Per ispirarmi a lui avrei dovuto fare la scuola calcio (ride ndr), quindi il mio riferimento è Casillas, ma non perché sia più scarso.
Casillas è stato ed è tutt’ora un portiere unico. Reattivo, agile, istintivo e con grandi riflessi, con lui posso condividere al massimo la bassa statura però (sorride ndr). Però se c’è qualcuno a cui ispirarmi è proprio Casillas».
In questo momento parlare del tuo futuro forse è fuori luogo.

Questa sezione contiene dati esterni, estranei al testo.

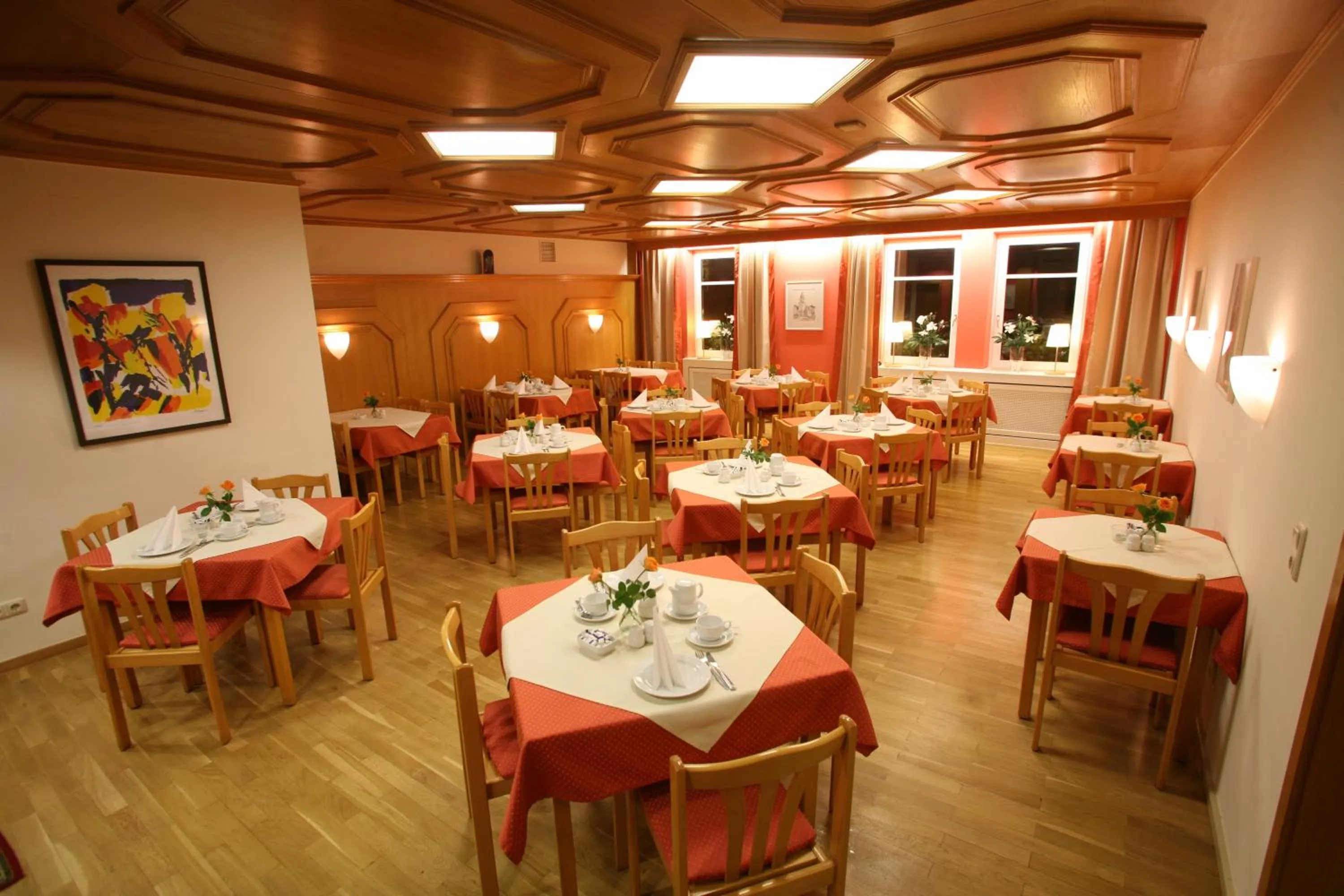 Restaurant/places to eat in Hotel Am Kuhbogen
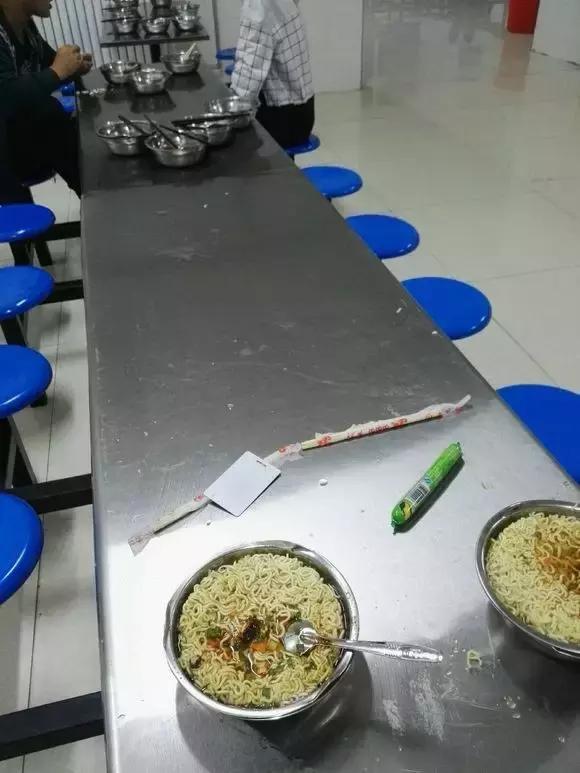 徐水二中食堂图片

Cosa ti aspetti dai prossimi anni?
«Sono sincero, non lo so, io penso soltanto ad allenarmi e a migliorare dato che ho la grandissima possibilità di giocare in Serie D in prestito dal Latina.
Una possibilità che molti miei coetanei, che sono nel professionismo, forse non capiscono. Sento tanti ragazzi che preferiscono rimanere a marcire in panchina o nelle Berretti piuttosto che andare a giocare in D: la riterrebbero un’umiliazione.
Io ho sempre pensato che non bisogna mai voltare le spalle alle opportunità che ti consegna la vita e non ho avuti dubbi ad accettare la proposta del Monterosi, dove avevo la possibilità di giocarmela con un altro portiere.
Sono stato consigliato anche dal “Gruppo Samb”, ossia da Salvatori e Montesi, sono stati anche loro a convincermi della bontà del progetto-Monterosi.
Credo che questo mi stia ripagando delle difficoltà che ho patito nella scorsa stagione: ad un giovane fa bene anche soffrire».